Monday, January 21, 2008

Life Is But A Dream

When I was making the bed, pulling
taut the blue sheets because the gold

ones were lost somewhere between
the upstairs and down, I grew weary

and fell across them, breathless
and wondering. With eyes closed,

I listened to my heart, its rhythm unsteady,
galloping one minute, shuffling the next,

the sounds of life all around--dog barking
from the living room, craving, Oh Lord,

attention, cat meowing from the basement,
pissed off, the television droning

away, a car scratching out of the driveway
across the street, the heart again

pounding, pounding, saying Let me let you live,
Let me! The heart, that hopeless romantic,

forgetting it's an organ and nothing more, pleading
for my love, beating beating beating away

despite the abuse, the neglect, moving forward,
always forward, One foot in front of the other

in some intricately planned mad rush,
the ever-forgiving witness to this destructo

mad woman in her maiden-form bra,
her black panties all a-tattered.
Monday

Just been limping along lately, hanging in here.
Nothing to say except it's cold and I'm cold.
Struggling to get any reading done. Still haven't
finished the Pollock book. Started Crime and
Punishment. Thought about rereading Let Us
Now Praise Famous Men but that's going to wait.
Can't even bring myself to read any poetry.
Bah.

Guess I'll go lie down and read all the recipes
in Rachel Ray's 30 Minute Meals cookbook.
Nice, mindless activity.

*******************************************

Bored

All those times I was bored
out of my mind. Holding the log
while he sawed it. Holding
the string while he measured, boards,
distances between things, or pounded
stakes into the ground for rows and rows
of lettuces and beets, which I then (bored)
weeded. Or sat in the back
of the car, or sat still in boats,
sat, sat, while at the prow, stern, wheel
he drove, steered, paddled. It
wasn't even boredom, it was looking,
looking hard and up close at the small
details.

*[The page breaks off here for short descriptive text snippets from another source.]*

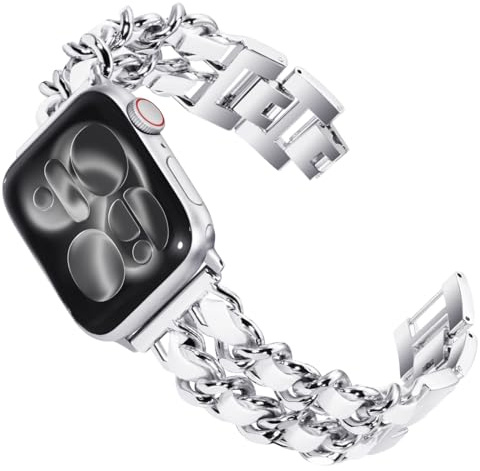KADES Damen Ersatzarmbänder Kompatibel mit Apple Watch Armband 42mm(Series 10 11) 41mm 40mm 38mm,Metall Gliederarmband für iWatch SE (3 2 1) Series 11/10/9/8/7/6/5/4/3/2/1, Silber/Weiß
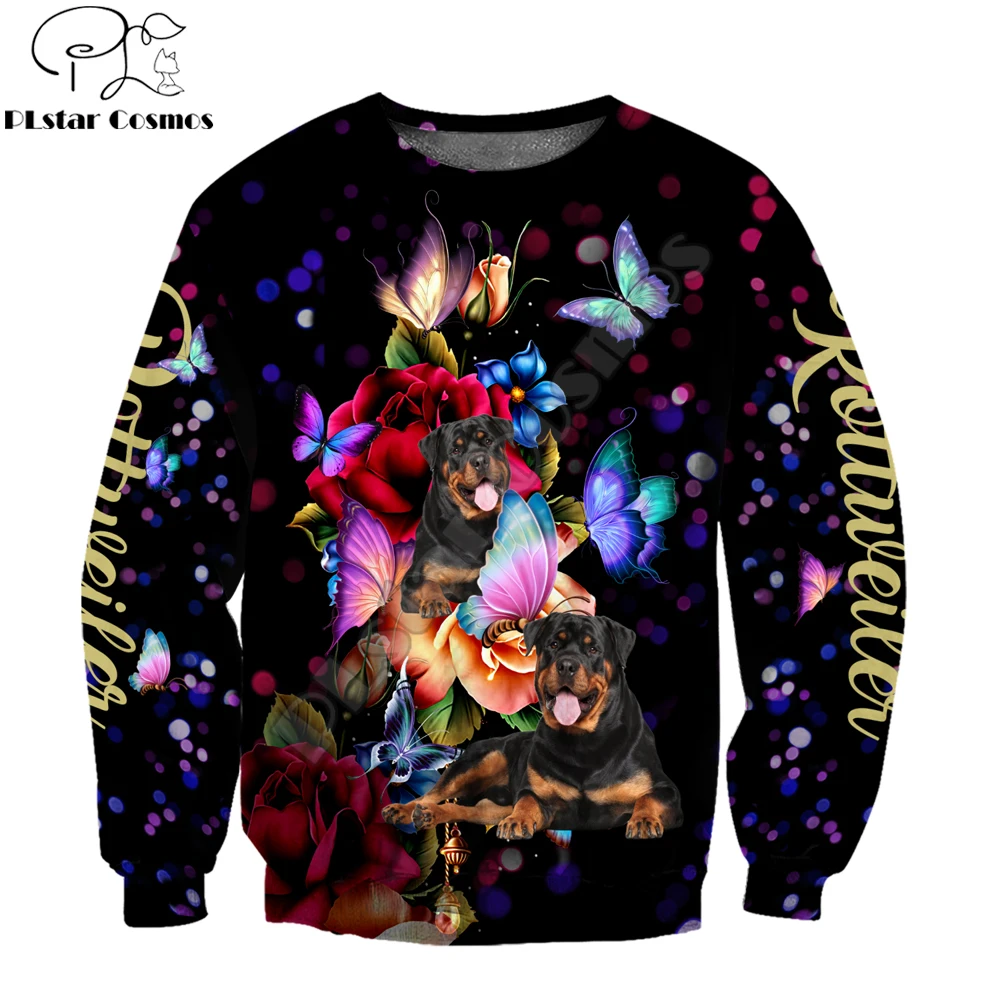 Beautiful Rottweiler and Butterfly 3D Printed Unisex Deluxe Hoodie Sweatshirt Pullover Casual Tracksuit sudadera hombre DW0339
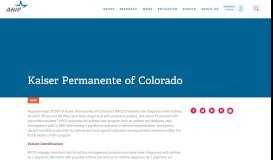 
							         Kaiser Permanente of Colorado - AHIP								  
							    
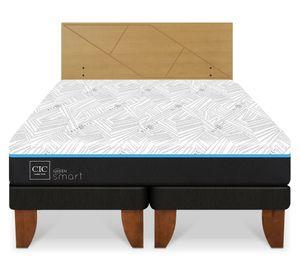 Cama europea Green Infinity 2 plazas base dividida + respaldo Villarrica mostaza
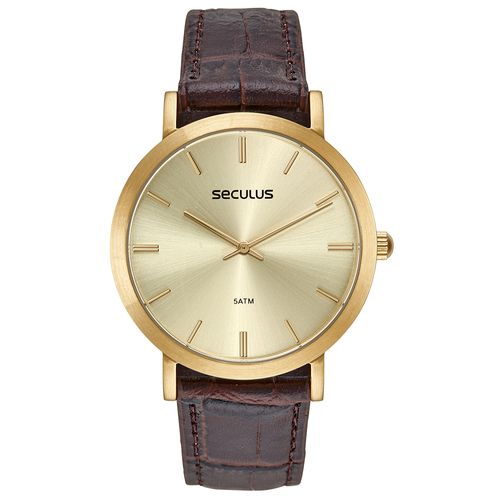 Relógio Masculino Semi Slim Couro Dourado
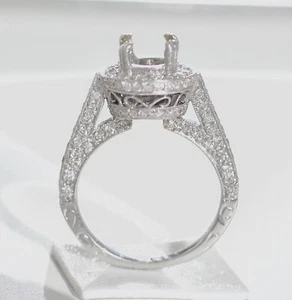 14K WEISSGOLD DIAMANT HALO HALBHALTERUNG VERLOBUNGSRING EINSTELLUNG 0,55CTW 5,5US - Bild 1 von 4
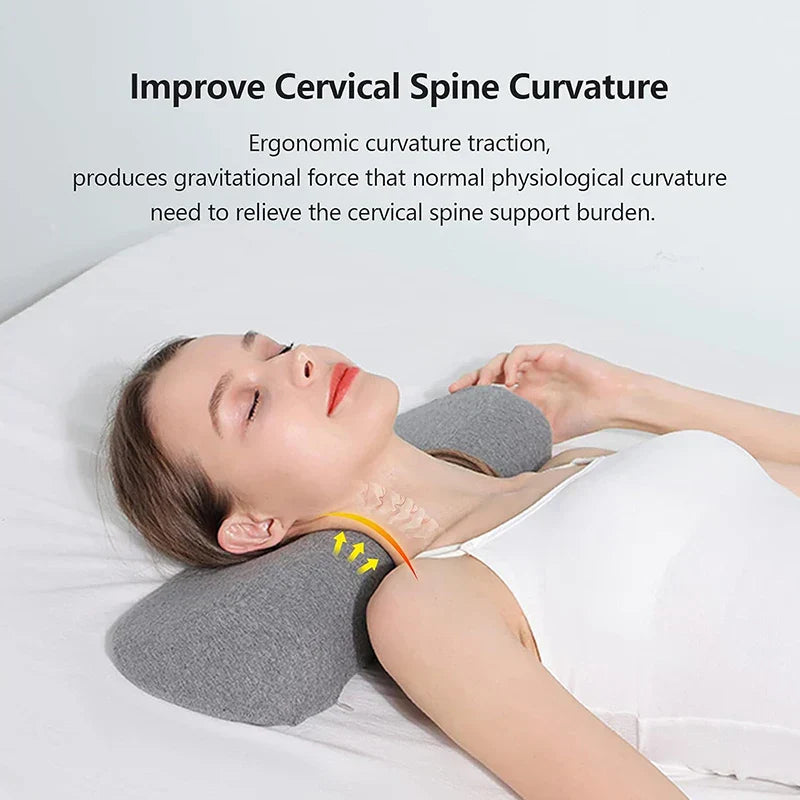 Memory Foam Cervical Pillow Orthopedic Contour Support Grey-3
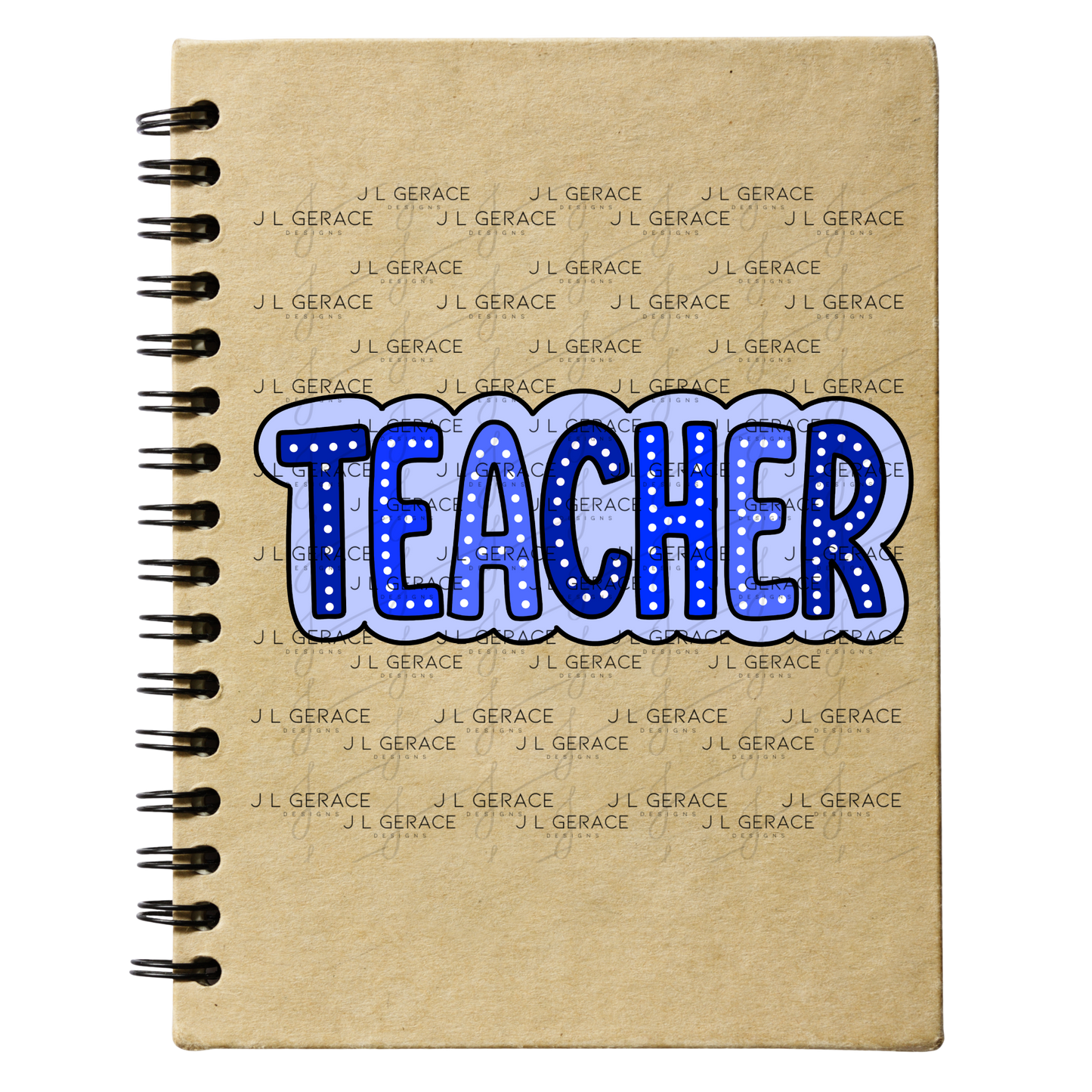 Teacher Dot Lettering Blue PNG Digital Download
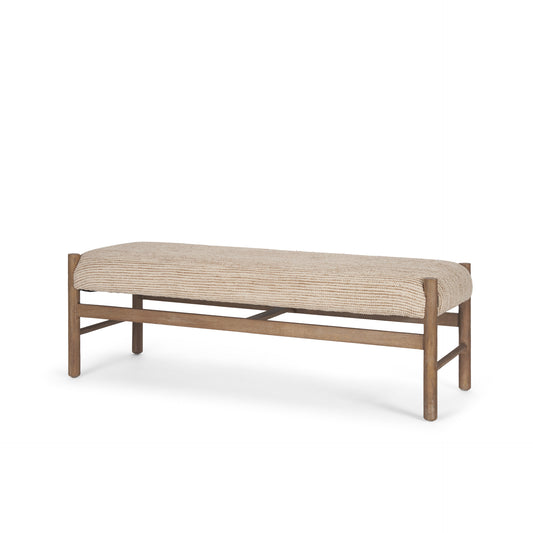 Tadi Bench Medium Brown Wood | Cotton Fabric - benches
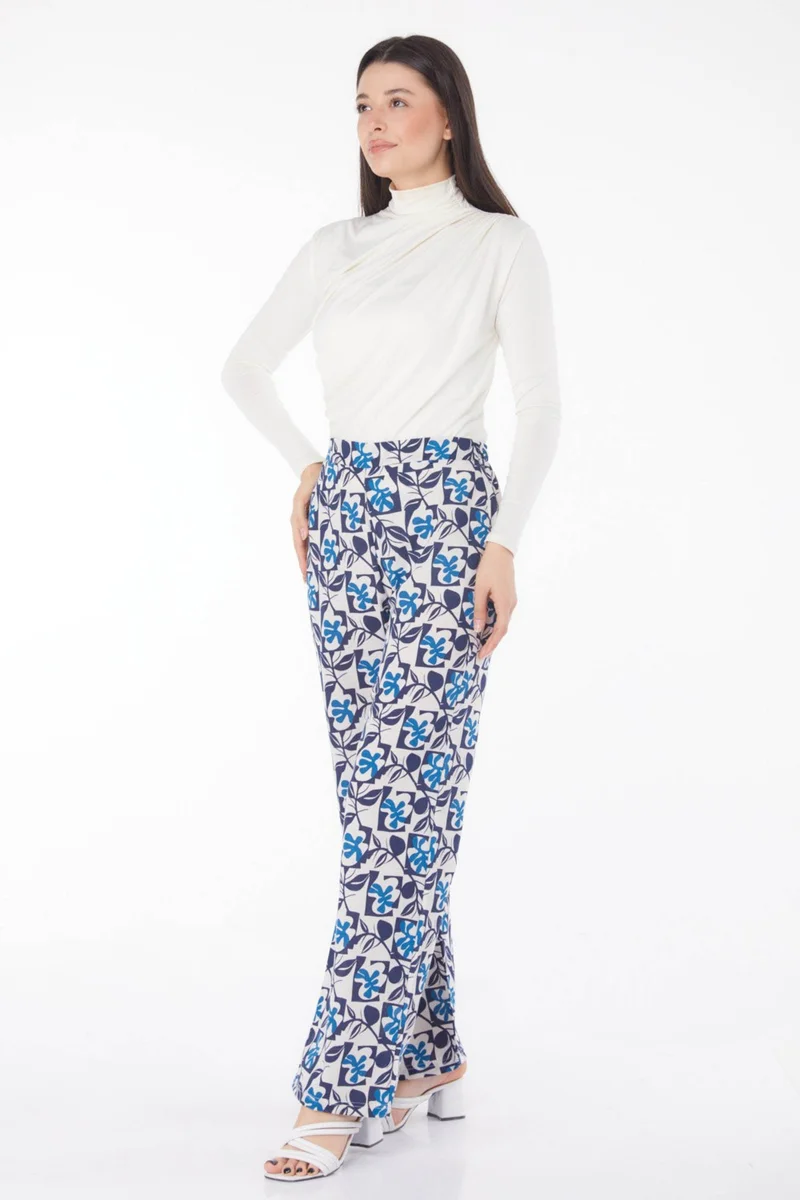 Tofisa Plain Mid Women's Navy Blue Leaf Pattern Trousers - 13214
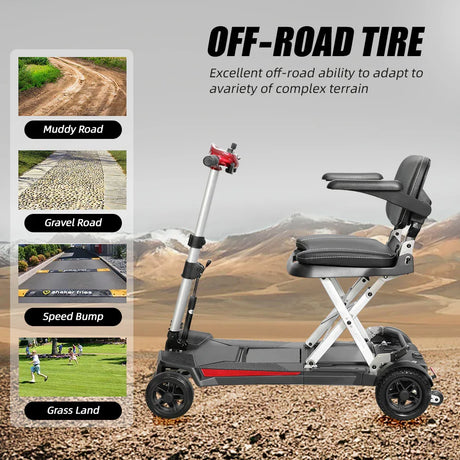 Folding Compact 4-Wheel Mobility Scooter With 24-Mile Range - Omega Lifestyles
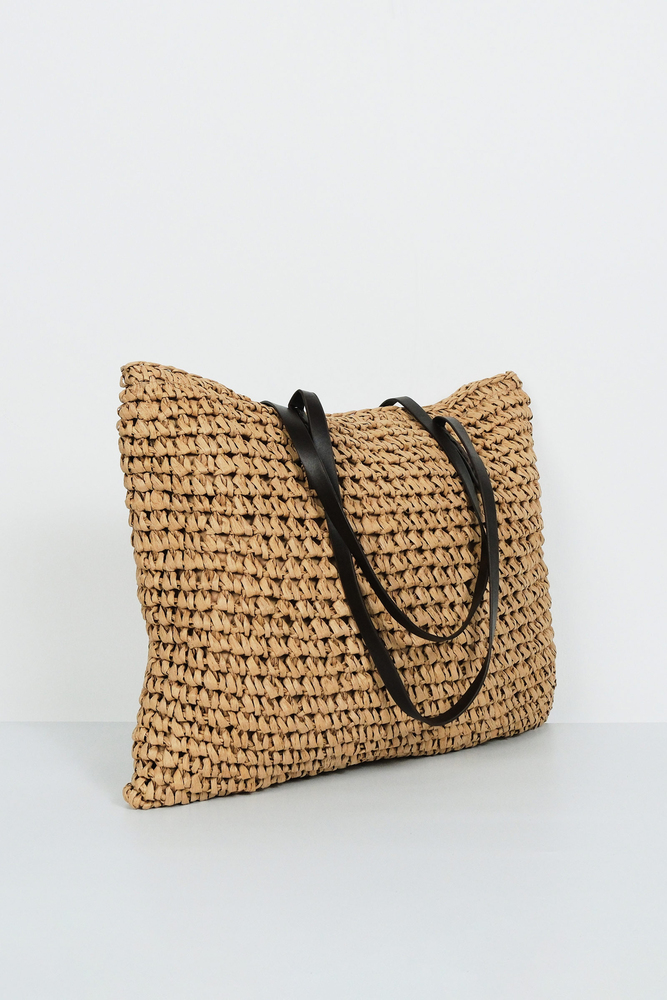 BE BLUE - NATÜREL DERİ SAPLI HASIR ÇANTA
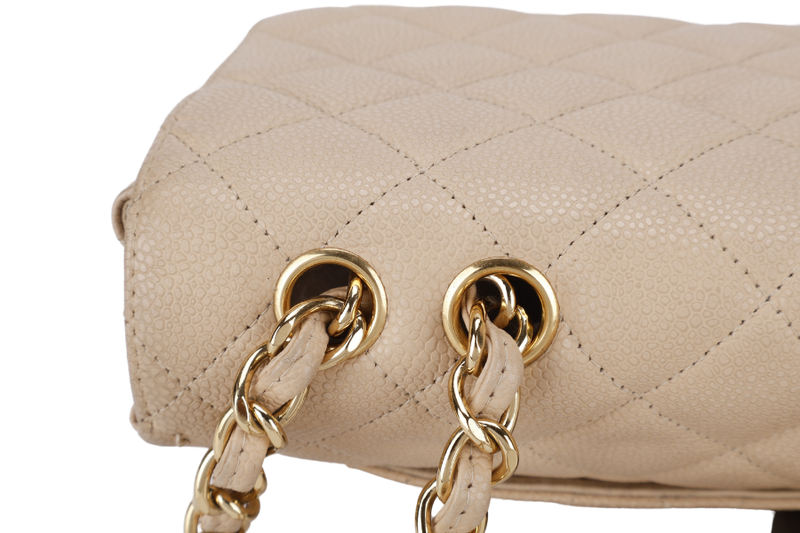 CHANEL CLASSIC FLAP BAG JUMBO BEIGE CAVIAR LEATHER GOLD HARDWARE (1293xxxx) NO DUST COVER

Myopia. The worn gunwales,
the intricate twill of the seat
cover. The acid crumbs of loam, the granular
pink rock, its igneous veins, the sea-fans
of dry moss, the blackish and then the graying
bristles on the back of his neck.
Sometimes he would whistle, sometimes
I would. The boring rhythm of doing
things over and over, carrying
the wood, drying
the dishes. Such minutiae. It's what
the animals spend most of their time at,
ferrying the sand, grain by grain, from their tunnels,
shuffling the leaves in their burrows. He pointed
such things out, and I would look
at the whorled texture of his square finger, earth under
the nail. Why do I remember it as sunnier
all the time then, although it more often
rained, and more birdsong?
I could hardly wait to get
the hell out of there to
anywhere else. Perhaps though
boredom is happier. It is for dogs or
groundhogs. Now I wouldn't be bored.
Now I would know too much.
Now I would know.



- Margaret Atwood



Thursday, January 17, 2008

Remembering Joe's Kidney

When I was seventeen, my grandmother
sent me a subscription to a magazine
which, each month, delineated the function
of some area of the body. Riddled with anxiety
and borderline hypochondria, I read
each issue, total concentration on Joe's
body, always wondering which disorder
I harbored. It had been years since
a copy felt the touch of my fingertips,
but this need to clean out and throw
away found me in the side panel, next
to the laundry chute, thumbing through
all of Joe's organs, sitting there cross-legged
on the floor, my own kidneys screaming
for a break, me half-lit and nearing tears,
trying to reason why they all had to go.
After all, they weren't my grandmother,
they were just books she'd sent, stuck
in a place I would rarely choose to visit.
She's gone now, almost sixteen years,
her handiwork all over my house--cardinal
and sunflower quilts, tatted pillow cases,
pineapple placemats, the sound of her voice
calling Yoo-hoo when I would call her name.
Joe's kidneys and heart and lungs succumbed
to reason that day, after I'd reread each
article, after I realized they would not bring
her back any more than they would save
me. Adios and best wishes, I thought as
I tossed the last one in the bag and rose
ever so slowly from my position, heart
and lungs, and in particular, kidneys,
just asking for a little bit of respect.

Saturday, January 12, 2008

Night Visitors

All night, they visit,
these lost ones in their
yellow shirts and blue jeans,
their hemp bracelets and favorite
hats, their faces the same, not
like they were before the casket
closed but like they were before
there was a casket to place
them in, their smiles unwavering,
their arms open and ready
to be filled with the living.
I wake and look around
the darkened room for some
proof of their existence,
but there is only my husband
asleep beside me, a cat at my feet,
my pounding heart, the arthritic
shadows of the nearly bare
dogwood, the splintered
light of a retreating moon,
red numbers glaring from
the bedside table, assaulting
my senses with their truth: 2:45
a.m., the silent phone, that bearer
of such bad news, nestled
in its cradle, the soft light
beaming from beneath
the closed bathroom door,
my son asleep in his room:
me--feet now touching the floor,
pacing the rooms of this old
house, prowling around alone again
waiting for the dead to come.

Wednesday, January 09, 2008

Rilke, always

Laurel has a Rilke quote on her blog--

You must change your life.

One any given day I read it in a number of ways,
for example:

YOU must change YOUR life

You MUST change your life

You MUST CHANGE your life

YOU MUST CHANGE YOUR LIFE

You must change your LIFE

You MUST CHANGE your LIFE

Each particular variation has its own message.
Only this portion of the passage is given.